Henriette und Philipp Lehmann
© Marianne Wilke

Henriette Lehmann (geborene Samuel) * 1880

Hellkamp 31 (Eimsbüttel, Eimsbüttel)

1941 Riga
ermordet

Weitere Stolpersteine in Hellkamp 31:
Philipp Lehmann

Philipp Lehmann, geb. am 19.9.1876 in Wiesbaden, deportiert am 6.12.1941 nach Riga
Henriette Lehmann, geb. Samuel, geb. am 7.9.1880 in Teterow, deportiert am 6.12.1941 nach Riga

Hellkamp 31

Hermann Lehmann, geb. am 17.7.1903 in Bremen, nach der Pogromnacht bis 12.12.1938 inhaftiert im KZ Sachsenhausen, am 8.11.1941 deportiert nach Minsk
Regina Lehmann, geb. Salomon, geb. am 11.5.1902 in Treis, am 8.11.1941 deportiert nach Minsk

Durchschnitt 25, Rotherbaum

Am 23. Juli 2008 fand vor dem Haus Hellkamp 31 die Enthüllung zweier Stolpersteine für Philipp und Henriette Lehmann statt. Organisiert hatte dies eine Enkelin von Philipp Lehmann mit ihrer Familie zum Gedenken an ihre Großeltern.

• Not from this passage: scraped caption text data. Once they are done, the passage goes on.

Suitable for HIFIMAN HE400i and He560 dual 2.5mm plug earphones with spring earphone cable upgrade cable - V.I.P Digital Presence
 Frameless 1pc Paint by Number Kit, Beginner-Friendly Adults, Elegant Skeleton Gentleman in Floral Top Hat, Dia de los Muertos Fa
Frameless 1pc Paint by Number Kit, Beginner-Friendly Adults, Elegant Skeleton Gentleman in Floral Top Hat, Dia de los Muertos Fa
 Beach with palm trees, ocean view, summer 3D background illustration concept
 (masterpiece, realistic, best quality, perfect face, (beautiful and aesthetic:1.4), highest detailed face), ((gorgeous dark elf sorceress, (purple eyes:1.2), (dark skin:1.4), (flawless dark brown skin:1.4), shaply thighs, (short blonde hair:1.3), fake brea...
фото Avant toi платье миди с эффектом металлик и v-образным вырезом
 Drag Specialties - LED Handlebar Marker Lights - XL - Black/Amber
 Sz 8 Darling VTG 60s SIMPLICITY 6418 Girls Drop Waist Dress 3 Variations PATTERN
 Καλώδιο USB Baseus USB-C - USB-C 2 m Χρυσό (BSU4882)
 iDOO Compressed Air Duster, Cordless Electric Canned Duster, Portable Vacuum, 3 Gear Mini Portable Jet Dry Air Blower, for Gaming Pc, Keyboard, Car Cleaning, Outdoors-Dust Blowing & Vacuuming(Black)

Philipp Lehmann wurde 1876 in Wiesbaden geboren. Er hatte zwei Brüder und drei Schwestern: Leopold, Georg, Rosa, Bertha und Tilly. Die Familie lebte in Bad Ems in der Nähe von Koblenz. Die drei Schwestern blieben unverheiratet. Sie unterhielten ein Gasthaus mit koscheren Speisen für jüdische Gäste. Bad Ems war um die Jahrhundertwende ein beliebter Kurort für jüdische Urlauber.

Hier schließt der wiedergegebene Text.